I knew from the onset being with him was never reality, then or later. There was too much distance between us. Too much “his life, his work.” But I still created and – with a stage presence that would make Katherine Hepburn applaud – acted my story. That’s what I did with my love. I ignored that “God-Gut Truth” I have blogged about...I doggedly clung to the story I had created hoping it would end not like a Hardy novel, but continue Disney-happily ever after. 

The story was a way to cope with all the other real-life happening around me. I don’t do reality well. It’s boring and problematic. I am a creator. An artist. A writer. I ignored the reality of who he really is and embraced the fantasy of who I created him to be, trying, with eyes squeezed and face turned away stomping my feet with fingers in my ears, to make all my dreams come true.

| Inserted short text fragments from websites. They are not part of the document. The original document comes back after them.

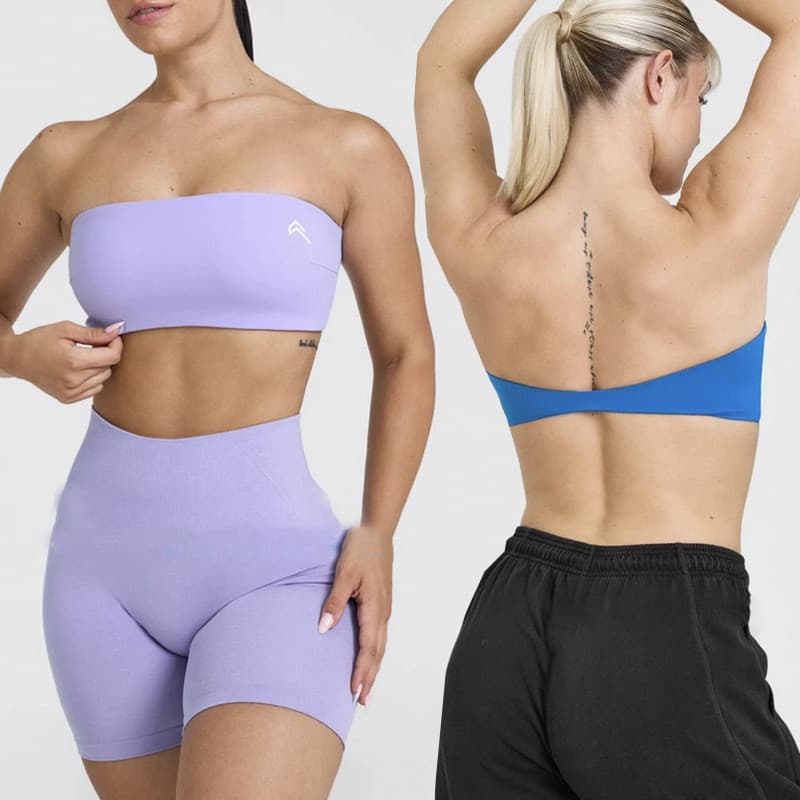 Sutiã de Yoga feminino jogo interno com almofada no peito tubo superior reunir correndo Fitness dança de secagem rápida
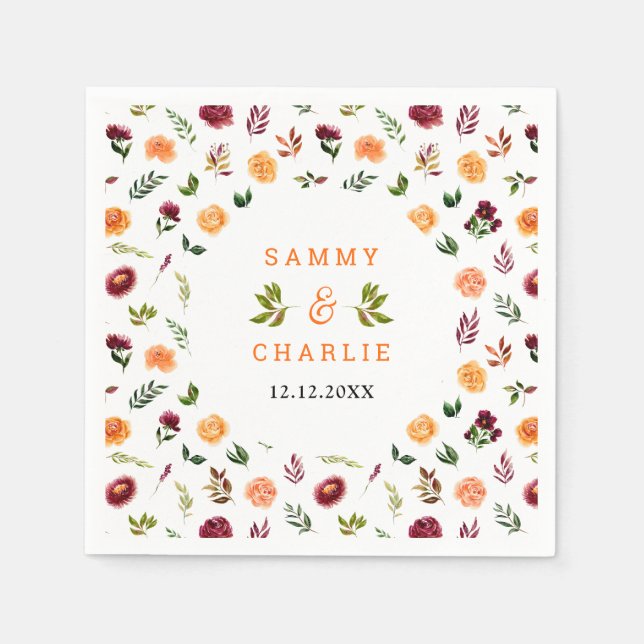 Serviette En Papier Autumn Burgundy and Orange Floral Wedding (Devant)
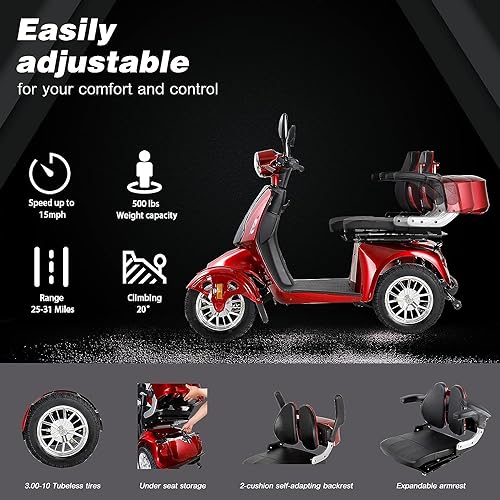 Red 4 Wheel Electric Mobility Scooter M17216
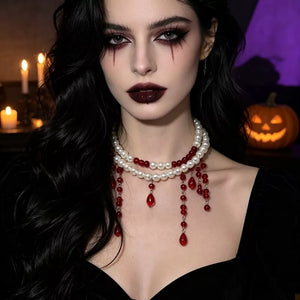 choker necklace in ivory featuring double-layered and choker fit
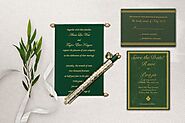 GREEN VELVET WEDDING CARD : CSC-5005I - IndianWeddingCards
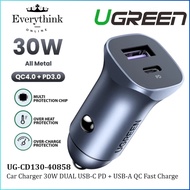 UGREEN UG-CD130-40858 CAR CHARGER PD 30W + SCP 22.5W USB TYPE A + C DUAL PORT CAR CHARGER - CD130
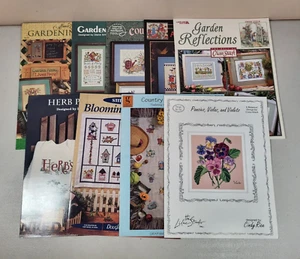 Mixed Lot of Needlepoint Cross Stitch Charts - Flowers, Garden, Birdhouse, Herbs - Picture 1 of 6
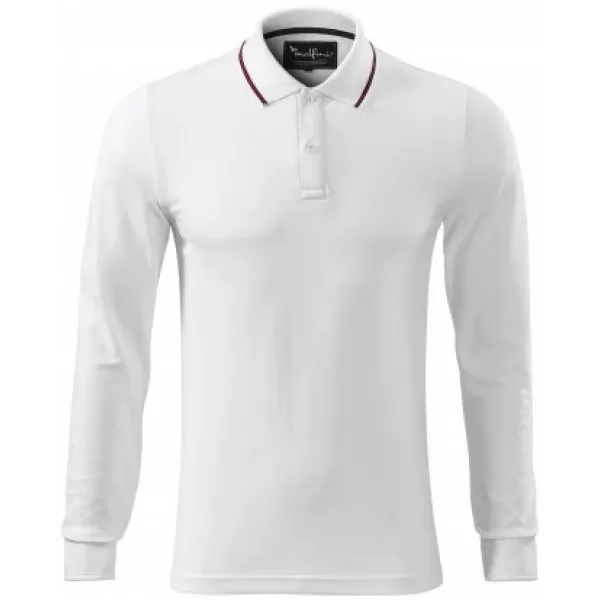  Herren-T-Shirt mit langen Ärmeln und Kragen MALFINI PREMIUM CONTRAST STRIPE LS 258 WEIß 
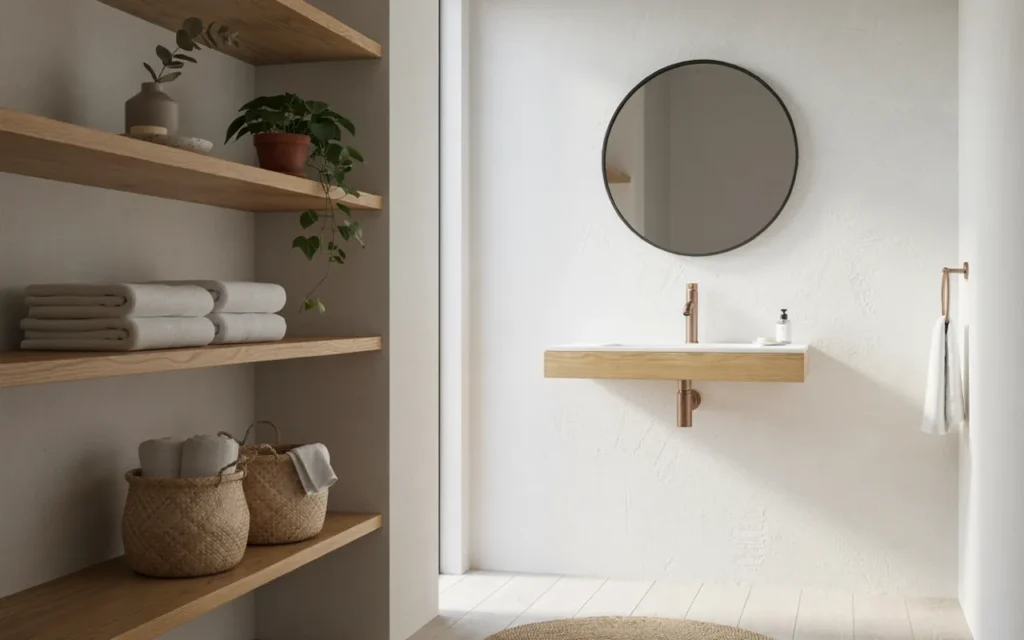 13. Small Bathroom With Open Shelving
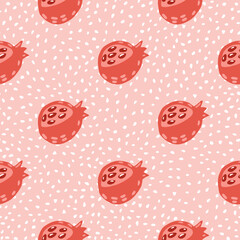 Pastel red ganet hand drawn silhouettes seamless pattern. Stylized fruit print with light pink dotted background.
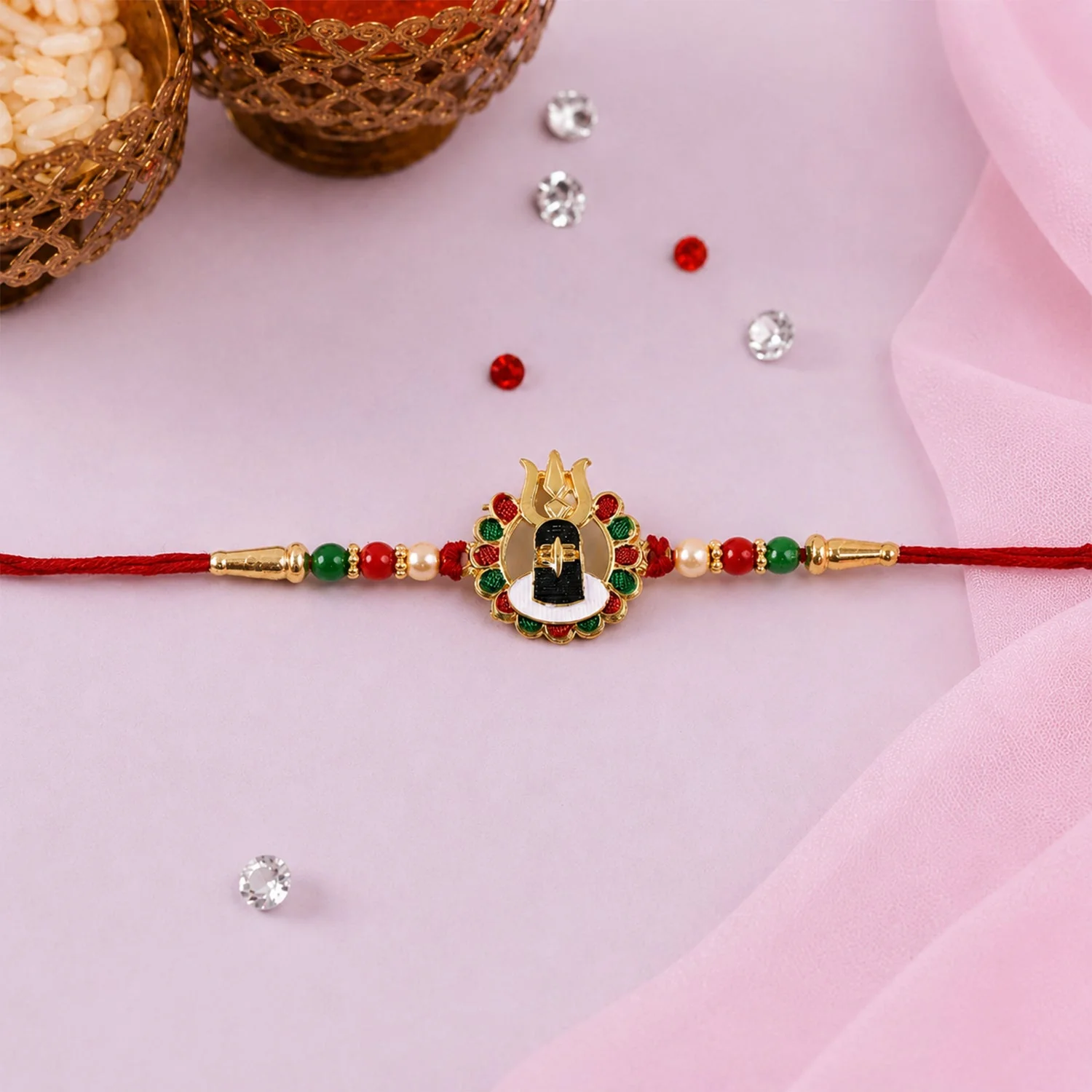 Shivling Design Rakhi, Traditional Beaded Raksha Bandhan Gift - Image 4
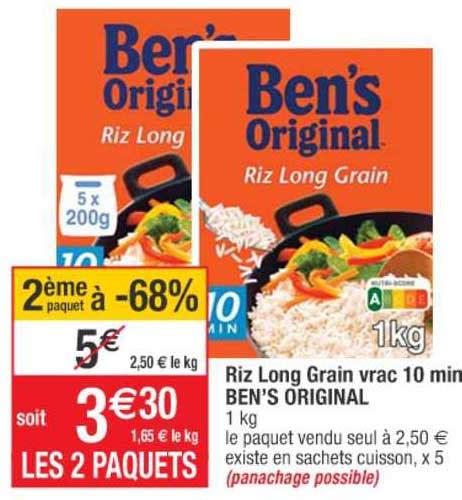 Promo Riz Long Grain Vrac Min Ben S Original Chez Cora Icatalogue Fr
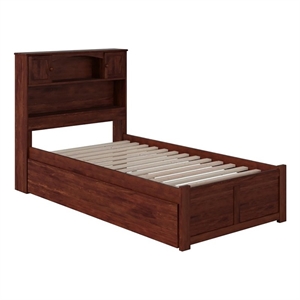 Pemberly Row Modern Solid Wood Twin XL Platform Bed with Trundle in Walnut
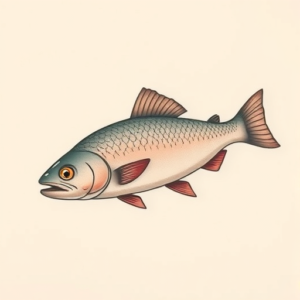 Pastel Color Trout Tattoo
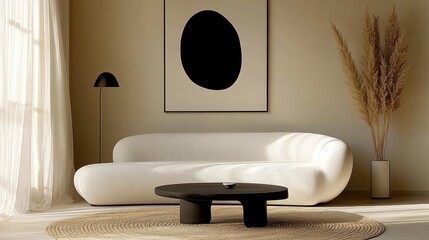 Minimalist living room, curved white sofa, black round coffee table, abstract black shape artwork, beige walls, sisal rug, black table lamp, dried pampas grass, window with sheer curtains, monochromat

Then when he did human things like use me, or hurt me, ignore me or tease me – when he showed he truly did NOT understand what was going on it was like a slap because that was reality seeping into my fairytale. Ouch. Did he not get the script?

...Leaving nothing to hide...

Last night I burned all my journal entries about him. It wasn’t a hugely cathartic ritual. It didn’t relieve an unseen weight on my shoulders. But it was my small way of finally letting that dream story go. Letting him live his life in his hometown. To forgive myself for the mistakes I made and hope he can someday forgive me. I don’t know if our paths will ever cross again. But if they do I hope neither of us feel awkward or unsure. I hope we both (more so me) understand it simply was what it was. Nothing more, nothing less. 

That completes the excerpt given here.